# Negative numbers

A negative number is any number that is less than zero. Negative numbers are written with a negative sign (-) in front of them. "-5" is read as negative 5 and has the same magnitude as 5, just in the opposite direction on the number line, as shown in the figure below.

The number line shows that both -5 and 5 have the same magnitude, so -5 + 5 = 0.

The further left on the number line, the more negative the number is, and the smaller the number. The number line extends to negative infinity left of 0, and positive infinity to the right.

Negative numbers are something we are likely to encounter in our daily lives, such as the temperature, so understanding how to perform basic arithmetic using negative numbers can be helpful.

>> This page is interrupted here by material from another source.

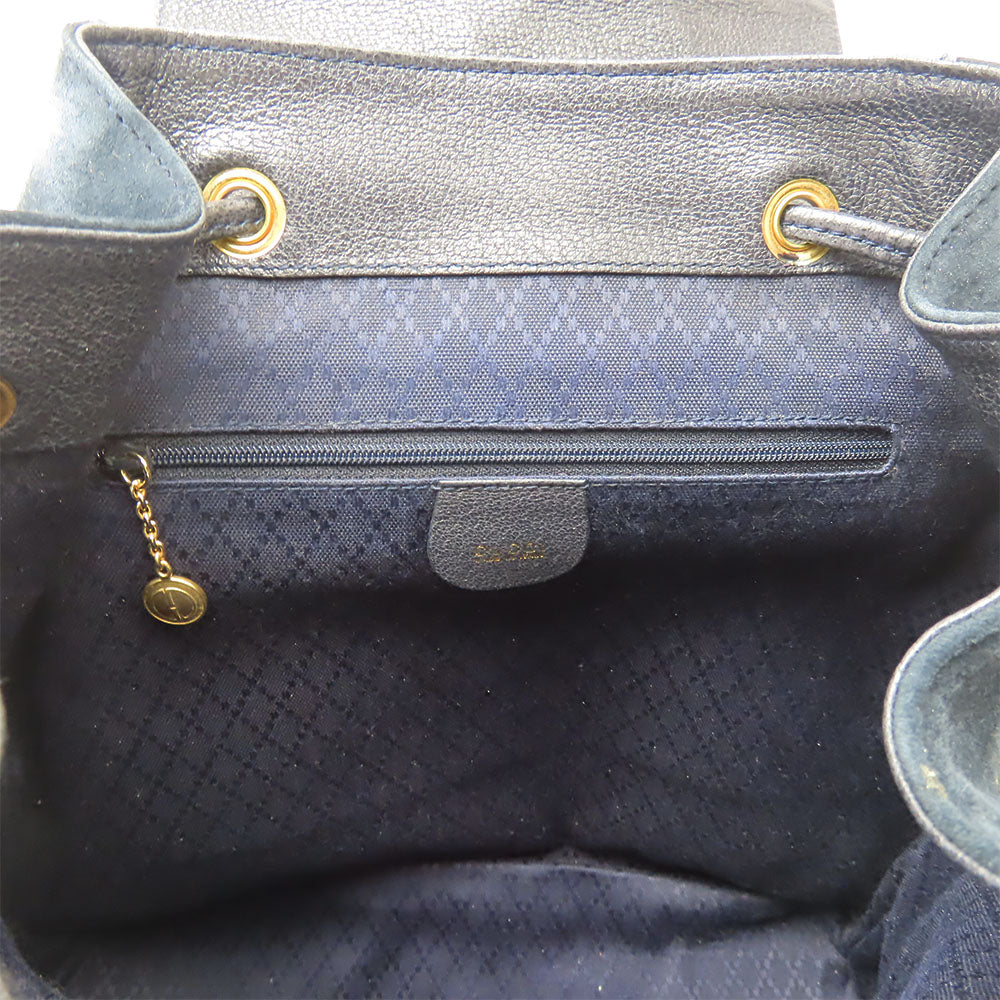 STRAPSTORY - GGC4 BAG - 3191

## Operations with negative numbers

There are a few rules for how to use negative numbers when performing arithmetic operations.

### Addition

Adding a negative number is like subtracting a positive number.

5 + (-3) = 2

We can rewrite the above as:

5 - 3 = 2

The same is true regardless what position the negative number is in:

-3 + 5 = 5 - 3 = 2

When adding two negative numbers, the result is even more negative:

-3 + (-5) = -3 - 5 = -8

Generally, when adding positive and negative numbers, determine which value is larger, then subtract the two values and apply the sign of the larger value.

### Subtraction

Subtracting a negative number is like adding a positive number since two negative numbers make a positive number:

5 - (-3) = 5 + 3 = 8

-9 - (-8) = -9 + 8 = -1

### Multiplication and division

Multiplication and division follow the same rules regarding negative numbers:

positive × positive = positive |

negative × negative = positive |

positive × negative = negative |

negative × positive = negative |

Essentially, an odd number of negatives being multiplied or divided has a negative result. An even number of negatives being multiplied or divided has a positive result:

-3 × -4 ÷ 2 = 6

-3 × 4 ÷ 2 = -6

-3 × (-4) × (-1) ÷ 2 = -6